Dans un jugement rendu le 30 juillet, les juges Munamato Mutevedzi et Bongani Ndlovu ont confirmé une décision du tribunal de première instance accordant un jugement sommaire en faveur de l’ancienne responsable marketing Collina Muleya, dont l’indemnité totale s’élève à 12 820,62 dollars américains.
Le montant comprend les dommages et intérêts tenant lieu de réintégration, les salaires impayés, les indemnités de préavis, les indemnités de congé, les gratifications et les salaires sous-payés.
Les juges ont rejeté l’argument de Dinson Colliery selon lequel l’agent désigné du Conseil national de l’emploi pour l’industrie minière n’avait pas compétence pour trancher le litige relatif au licenciement abusif de Muleya parce que la loi modifiant la loi sur le travail aurait aboli les NEC.
« Nous avons déclaré plus tôt que contrairement aux vues de l’appelant, la détermination de l’agent désigné était valide. Une fois cette conclusion atteinte, il doit s’ensuivre que l’appelant n’avait aucune défense contre la réclamation du défendeur.
Par conséquent, le tribunal était en droit de faire droit à la demande de jugement sommaire. Il n’y a aucune base sur laquelle nous pouvons interférer avec cette décision », ont statué les juges.
L’appel a été rejeté avec dépens.
La Haute Cour a prévenu qu’interpréter la loi modifiant la loi sur le travail comme ayant aboli les NEC créerait une perturbation généralisée du système de résolution des conflits du travail au Zimbabwe.

« Cela signifierait l’anéantissement total du système des conseils pour l’emploi. De plus, le ridicule serait évident dans la mesure où l’interprétation soutiendrait l’échec complet d’un système public essentiel », ont déclaré les juges.
« En déclarant du jour au lendemain tous les Conseils nationaux de l’emploi « illégaux » ou « défunts », les décisions du Tribunal du travail ont propulsé les mécanismes nationaux de négociation collective et de résolution des conflits dans une incapacité irréversible.
Le tribunal a ajouté qu’une telle interprétation « créerait des ravages sur les lieux de travail et priverait des centaines de salariés de recours en cas de conflits de travail avec leurs employeurs ».
Les juges ont estimé que, bien que la loi modifiant la loi sur le travail ait abrogé et remplacé l’article 56 de la loi sur le travail, elle n’a pas aboli les NEC mais les a plutôt restructurés en organes statutaires obligatoires.

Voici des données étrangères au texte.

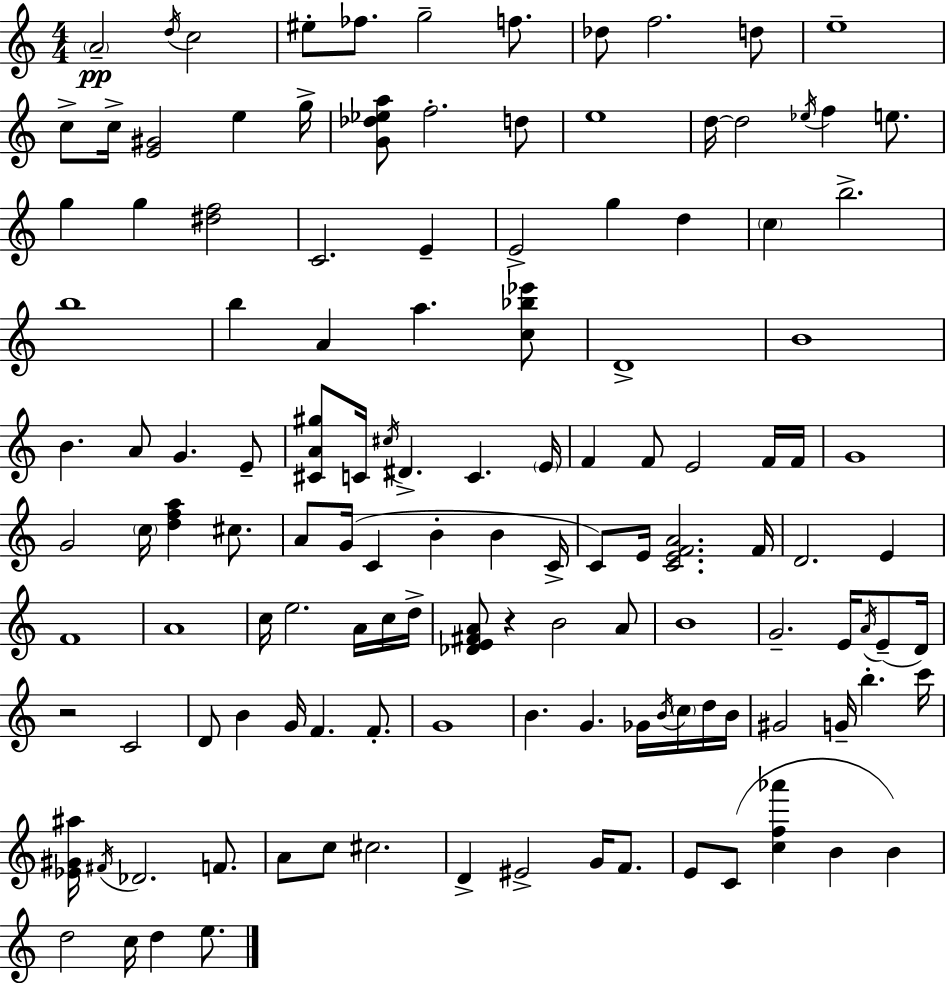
{
  \clef treble
  \numericTimeSignature
  \time 4/4
  \key c \major
  \parenthesize a'2--\pp \acciaccatura { d''16 } c''2 | eis''8-. fes''8. g''2-- f''8. | des''8 f''2. d''8 | e''1-- | \break c''8-> c''16-> <e' gis'>2 e''4 | g''16-> <g' des'' ees'' a''>8 f''2.-. d''8 | e''1 | d''16~~ d''2 \acciaccatura { ees''16 } f''4 e''8. | \break g''4 g''4 <dis'' f''>2 | c'2. e'4-- | e'2-> g''4 d''4 | \parenthesize c''4 b''2.-> | \break b''1 | b''4 a'4 a''4. | <c'' bes'' ees'''>8 d'1-> | b'1 | \break b'4. a'8 g'4. | e'8-- <cis' a' gis''>8 c'16 \acciaccatura { cis''16 } dis'4.-> c'4. | \parenthesize e'16 f'4 f'8 e'2 | f'16 f'16 g'1 | \break g'2 \parenthesize c''16 <d'' f'' a''>4 | cis''8. a'8 g'16( c'4 b'4-. b'4 | c'16-> c'8) e'16 <c' e' f' a'>2. | f'16 d'2. e'4 | \break f'1 | a'1 | c''16 e''2. | a'16 c''16 d''16-> <des' e' fis' a'>8 r4 b'2 | \break a'8 b'1 | g'2.-- e'16 | \acciaccatura { a'16 }( e'8-- d'16) r2 c'2 | d'8 b'4 g'16 f'4. | \break f'8.-. g'1 | b'4. g'4. | ges'16 \acciaccatura { b'16 } \parenthesize c''16 d''16 b'16 gis'2 g'16-- b''4.-. | c'''16 <ees' gis' ais''>16 \acciaccatura { fis'16 } des'2. | \break f'8. a'8 c''8 cis''2. | d'4-> eis'2-> | g'16 f'8. e'8 c'8( <c'' f'' aes'''>4 b'4 | b'4) d''2 c''16 d''4 | \break e''8. \bar "|."
}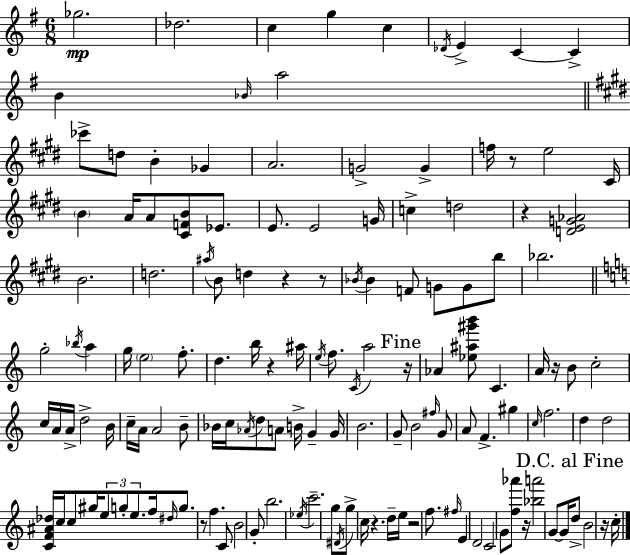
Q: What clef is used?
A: treble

Ils ont statué que les litiges déjà portés devant les agents désignés du NEC avant l’entrée en vigueur de la loi pouvaient toujours être légalement conclus après la modification, car le Parlement n’avait pas expressément eu l’intention d’invalider les procédures en cours.
Le tribunal a également reconnu que les travailleurs ont rencontré des difficultés pratiques pour faire exécuter les sentences délivrées par les agents désignés du NEC, car il n’existe aucune législation permettant aux tribunaux de première instance d’enregistrer directement ces sentences.
« Cet état d’impuissance a conduit à l’ingéniosité d’intenter une action en justice pour récupérer les sommes accordées », ont déclaré les juges.
« Compte tenu de cette impasse, personne ne peut reprocher à un justiciable d’avoir suivi la voie suivie par le défendeur dans cette affaire.
Muleya a travaillé comme agent de marketing pour Dinson Colliery jusqu’à ce que son emploi prenne fin le 31 janvier 2022.
Après avoir contesté son licenciement auprès du Conseil national de l’emploi dans l’industrie minière, un agent désigné a statué le 16 août 2023 qu’il avait été injustement licencié et lui a accordé 12 820,62 dollars américains.
Dinson a fait appel en vain devant le tribunal du travail avant de porter l’affaire devant la Cour suprême. Cependant, la société a retiré cet appel en janvier 2025 avec une offre de dépens, laissant la décision NEC intacte.
L’entreprise ne parvenant toujours pas à payer, Muleya a intenté une action devant le tribunal de première instance pour récupérer l’argent.
Le tribunal a rendu un jugement sommaire en sa faveur, ce qui a entraîné l’appel infructueux de Dinson Colliery devant la Haute Cour.